Mighty Mobile Bicycle Repair is guaranteed, top quality bike repair parts & service that comes to your doorstep!

Looking for a simple brake adjustment.... is that skipping chain driving you crazy.... how about those leaky seals on your suspension fork..... oh you need a wheel built.... the search is over! Mighty Mobile is here to help!

Let 20 years of friendly service help you out of your next bike conundrum. Serving all of Truckee and North Lake Tahoe.

Gregg Stone
Mighty Mobile Bicycle Repair

Saturday, December 29, 2012


After just having skied the pow for the past 4 days and realizing it's my day at the ski shop, I can't help but think of this.

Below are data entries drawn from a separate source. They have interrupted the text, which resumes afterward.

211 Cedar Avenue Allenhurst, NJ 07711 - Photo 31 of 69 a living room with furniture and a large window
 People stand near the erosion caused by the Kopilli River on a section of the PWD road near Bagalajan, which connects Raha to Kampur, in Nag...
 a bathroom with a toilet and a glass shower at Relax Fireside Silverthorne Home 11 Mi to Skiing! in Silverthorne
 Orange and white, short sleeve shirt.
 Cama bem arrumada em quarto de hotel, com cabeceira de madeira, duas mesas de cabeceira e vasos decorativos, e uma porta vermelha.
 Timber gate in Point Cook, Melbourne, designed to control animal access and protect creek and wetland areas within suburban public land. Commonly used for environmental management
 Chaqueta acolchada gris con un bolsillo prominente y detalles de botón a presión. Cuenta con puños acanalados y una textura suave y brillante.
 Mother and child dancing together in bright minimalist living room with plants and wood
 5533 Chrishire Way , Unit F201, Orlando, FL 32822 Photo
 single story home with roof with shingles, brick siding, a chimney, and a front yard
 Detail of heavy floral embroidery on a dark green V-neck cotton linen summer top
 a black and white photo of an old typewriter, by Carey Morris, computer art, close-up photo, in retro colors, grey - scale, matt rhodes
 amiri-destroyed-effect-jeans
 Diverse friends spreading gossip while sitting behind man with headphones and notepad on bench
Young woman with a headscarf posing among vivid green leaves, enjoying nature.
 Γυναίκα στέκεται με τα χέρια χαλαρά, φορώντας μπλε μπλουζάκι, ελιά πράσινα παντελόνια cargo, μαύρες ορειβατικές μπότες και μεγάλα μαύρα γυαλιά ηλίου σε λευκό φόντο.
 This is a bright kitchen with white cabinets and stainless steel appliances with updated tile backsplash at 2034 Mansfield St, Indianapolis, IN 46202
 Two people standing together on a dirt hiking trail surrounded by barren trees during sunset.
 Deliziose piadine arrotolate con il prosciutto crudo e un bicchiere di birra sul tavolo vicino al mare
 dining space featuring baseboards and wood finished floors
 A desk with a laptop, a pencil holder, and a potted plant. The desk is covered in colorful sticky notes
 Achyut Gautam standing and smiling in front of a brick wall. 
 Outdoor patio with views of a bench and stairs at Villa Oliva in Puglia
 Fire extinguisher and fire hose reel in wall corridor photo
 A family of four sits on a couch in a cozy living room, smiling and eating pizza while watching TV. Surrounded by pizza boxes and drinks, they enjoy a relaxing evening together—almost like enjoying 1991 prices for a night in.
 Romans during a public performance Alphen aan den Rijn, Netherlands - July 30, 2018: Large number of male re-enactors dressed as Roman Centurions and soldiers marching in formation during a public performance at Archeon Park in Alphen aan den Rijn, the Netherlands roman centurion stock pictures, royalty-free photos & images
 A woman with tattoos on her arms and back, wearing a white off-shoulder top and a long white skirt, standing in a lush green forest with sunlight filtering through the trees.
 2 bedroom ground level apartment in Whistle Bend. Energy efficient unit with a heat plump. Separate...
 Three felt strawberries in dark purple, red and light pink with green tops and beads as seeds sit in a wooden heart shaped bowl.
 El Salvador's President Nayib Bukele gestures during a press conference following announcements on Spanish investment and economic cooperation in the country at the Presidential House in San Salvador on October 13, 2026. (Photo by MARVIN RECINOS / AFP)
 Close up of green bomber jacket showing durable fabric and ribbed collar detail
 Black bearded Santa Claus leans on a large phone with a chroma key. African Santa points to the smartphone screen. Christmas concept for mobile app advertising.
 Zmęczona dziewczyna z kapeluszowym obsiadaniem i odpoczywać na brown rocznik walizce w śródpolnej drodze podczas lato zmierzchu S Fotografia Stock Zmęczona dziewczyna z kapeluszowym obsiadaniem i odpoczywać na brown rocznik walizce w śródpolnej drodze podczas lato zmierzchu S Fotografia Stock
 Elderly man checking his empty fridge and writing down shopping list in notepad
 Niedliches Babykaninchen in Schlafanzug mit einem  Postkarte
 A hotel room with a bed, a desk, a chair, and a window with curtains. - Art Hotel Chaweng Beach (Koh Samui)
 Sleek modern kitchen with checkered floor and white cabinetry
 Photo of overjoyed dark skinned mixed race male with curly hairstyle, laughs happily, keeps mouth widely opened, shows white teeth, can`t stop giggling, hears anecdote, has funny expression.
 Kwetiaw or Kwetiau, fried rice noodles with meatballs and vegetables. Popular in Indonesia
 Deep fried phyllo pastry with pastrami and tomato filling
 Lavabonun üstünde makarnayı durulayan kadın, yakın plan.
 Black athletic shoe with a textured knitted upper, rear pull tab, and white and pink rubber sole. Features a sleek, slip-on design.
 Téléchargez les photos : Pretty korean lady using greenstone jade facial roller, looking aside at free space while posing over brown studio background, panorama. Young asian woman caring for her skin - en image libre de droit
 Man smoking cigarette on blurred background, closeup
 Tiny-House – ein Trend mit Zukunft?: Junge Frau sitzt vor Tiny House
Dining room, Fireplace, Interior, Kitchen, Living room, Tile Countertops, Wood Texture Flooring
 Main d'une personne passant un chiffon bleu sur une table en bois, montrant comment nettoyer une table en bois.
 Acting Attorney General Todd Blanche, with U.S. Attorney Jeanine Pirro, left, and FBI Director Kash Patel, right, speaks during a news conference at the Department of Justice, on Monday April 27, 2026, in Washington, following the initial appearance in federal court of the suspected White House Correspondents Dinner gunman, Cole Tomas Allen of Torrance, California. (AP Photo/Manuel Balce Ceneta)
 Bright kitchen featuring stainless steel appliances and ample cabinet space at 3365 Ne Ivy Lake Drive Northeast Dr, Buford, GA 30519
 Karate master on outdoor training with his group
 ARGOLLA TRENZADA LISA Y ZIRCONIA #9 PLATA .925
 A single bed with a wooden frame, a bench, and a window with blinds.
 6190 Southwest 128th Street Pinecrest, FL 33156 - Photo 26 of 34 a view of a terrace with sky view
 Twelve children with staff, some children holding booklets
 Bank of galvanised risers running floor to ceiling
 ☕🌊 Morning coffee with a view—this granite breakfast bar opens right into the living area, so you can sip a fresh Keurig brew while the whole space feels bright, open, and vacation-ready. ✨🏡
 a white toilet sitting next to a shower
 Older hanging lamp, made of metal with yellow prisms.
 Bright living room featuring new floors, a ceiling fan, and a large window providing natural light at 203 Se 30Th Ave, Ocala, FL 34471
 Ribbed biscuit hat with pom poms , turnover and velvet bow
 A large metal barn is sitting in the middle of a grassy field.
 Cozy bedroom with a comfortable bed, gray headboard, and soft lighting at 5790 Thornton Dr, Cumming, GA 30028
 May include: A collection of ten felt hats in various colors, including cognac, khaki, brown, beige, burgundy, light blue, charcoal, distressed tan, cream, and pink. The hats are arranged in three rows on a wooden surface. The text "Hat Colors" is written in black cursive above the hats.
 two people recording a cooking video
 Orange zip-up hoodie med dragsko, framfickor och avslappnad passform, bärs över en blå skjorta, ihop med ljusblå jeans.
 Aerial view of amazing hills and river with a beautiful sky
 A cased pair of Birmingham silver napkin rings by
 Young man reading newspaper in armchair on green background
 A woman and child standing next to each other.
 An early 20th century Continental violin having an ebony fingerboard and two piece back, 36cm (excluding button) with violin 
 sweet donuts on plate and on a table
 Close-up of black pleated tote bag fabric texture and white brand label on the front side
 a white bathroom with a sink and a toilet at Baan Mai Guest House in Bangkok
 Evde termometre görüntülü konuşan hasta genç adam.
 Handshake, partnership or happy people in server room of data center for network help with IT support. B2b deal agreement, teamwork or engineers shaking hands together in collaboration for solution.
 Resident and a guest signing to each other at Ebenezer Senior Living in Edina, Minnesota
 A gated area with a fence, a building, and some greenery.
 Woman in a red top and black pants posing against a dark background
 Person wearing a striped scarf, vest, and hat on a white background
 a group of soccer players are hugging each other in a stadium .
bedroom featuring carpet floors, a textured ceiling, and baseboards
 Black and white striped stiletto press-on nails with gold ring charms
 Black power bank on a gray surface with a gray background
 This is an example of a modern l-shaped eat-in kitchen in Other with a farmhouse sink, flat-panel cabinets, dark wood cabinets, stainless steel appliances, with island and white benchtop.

More as I recover from Christmas and freshies.

Monday, December 24, 2012



The holidays are nipping at my heels like a cattle dog straight off the farm and WOW am I off the back. With most stores only open for "limited hours" today I still find myself in a position of being in need of more than a few items. I'm sure todays lunch break from the ski store will be an interesting hour of scrambling in an attempt at finding everything from playdough to powertools. I'm sure the streets of Truckee will be free of traffic and I'll just be able to "zip" in and out of a few local stores.... NOT!! Traffic in town the past few days is typical of what it's usually like in the Bay Area or LA... probably because most of the people in town right now are from the Bay Area or LA.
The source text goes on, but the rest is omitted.